A criação de gabinetes pedagógicos de integração escolar em todas as escolas e agrupamentos, e com

isto, a contratação de mais funcionários, psicólogos e técnicos pedagógicos, será um caminho certamente

mais positivo na resolução destes problemas e a redução de número de alunos por turma e contratação de

mais professores contribuirá significativamente para o reforço da escola inclusiva.

Tal como a violência gera mais violência, a repressão estimula a indisciplina. Este Governo sabe-o e, por

isso, promove medidas de controlo social que são inaceitáveis. Aos estudantes, aos professores, funcionários,

psicólogos e a toda a comunidade educativa o PCP reafirma que não desiste de lutar por uma escola púbica

gratuita, de qualidade e democrática para todos.

Aplausos do PCP.

A Sr.ª Presidente: — Para apresentar as iniciativas do PS, tem a palavra a Sr.ª Deputada Odete João.

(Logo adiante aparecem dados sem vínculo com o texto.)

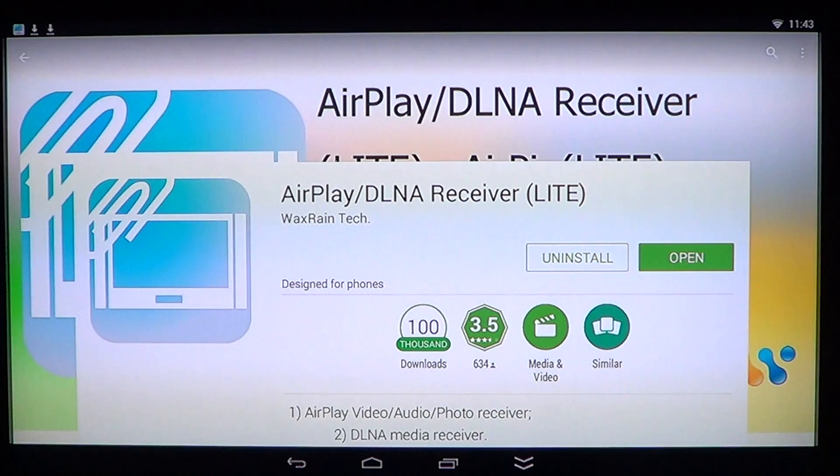So that's AirPlay DLNA Receiver Lite from WaxRain Tech. There's a paid version and I'm going to buy it to see how it improves — maybe it will enable mirroring, which is disabled by default in the free version. If you enjoy our videos, please subscribe to the channel and you'll be notified when new videos are online.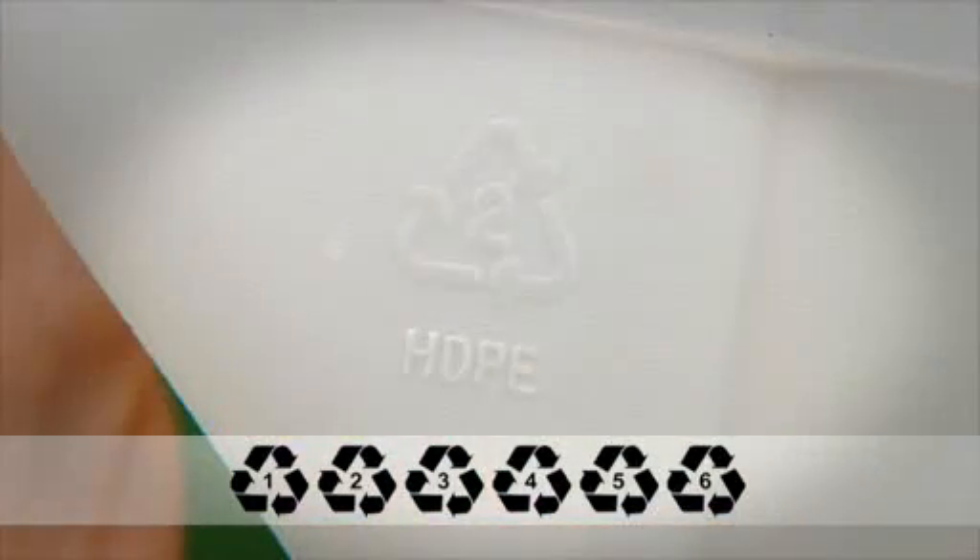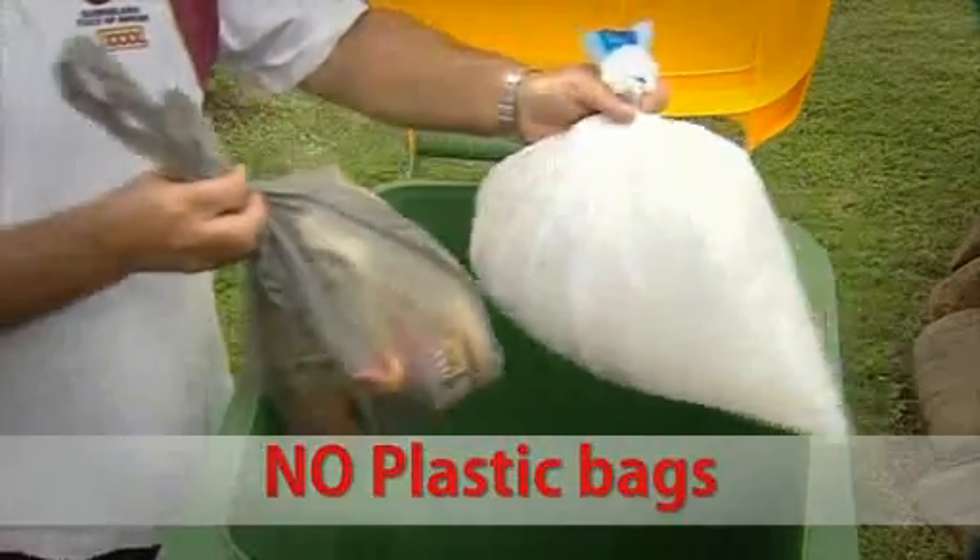Remember, only plastics with numbers 1 to 6 can be recycled. No plastic bags.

A Sr.ª Odete João (PS): — Sr.ª Presidente, Srs. Secretários de Estado, Sr.as

e Srs. Deputados: Na atual

política educativa do Governo, os referentes ideológicos do discurso já não disfarçam a errância da prática ao

serviço do economicismo que comprometem a preparação do próximo ano letivo e a qualidade da escola

pública.

A dura realidade em que começa a estar mergulhada a escola pública continua a ser apresentada pelo

Governo como um sinal de rigor e exigência, enquanto se reduz o direito fundamental da educação para todos.

Esta política de desmantelamento organizacional e curricular passa pela forma como se têm vindo a

constituir os mega-agrupamentos, as turmas de 30 alunos, a redução da oferta educativa, as alterações

curriculares, o Despacho n.º 13-A/2012, que ainda não está descodificado em grande parte dos seus

componentes, pela separação de disciplinas essenciais, como Português e a Matemática, em disciplinas não

essenciais. Todo um pacote de medidas de efeitos incertos mas perversos que vêm agravar a qualidade do

sistema educativo e amplificar as assimetrias sociais.

O Partido Socialista, com o projeto de lei do número de alunos por turma, pretende repor alguma justiça e

equidade no processo de paulatina degradação da qualidade do ensino público e de combate ao abandono e

insucesso escolar perpetrado por este Governo.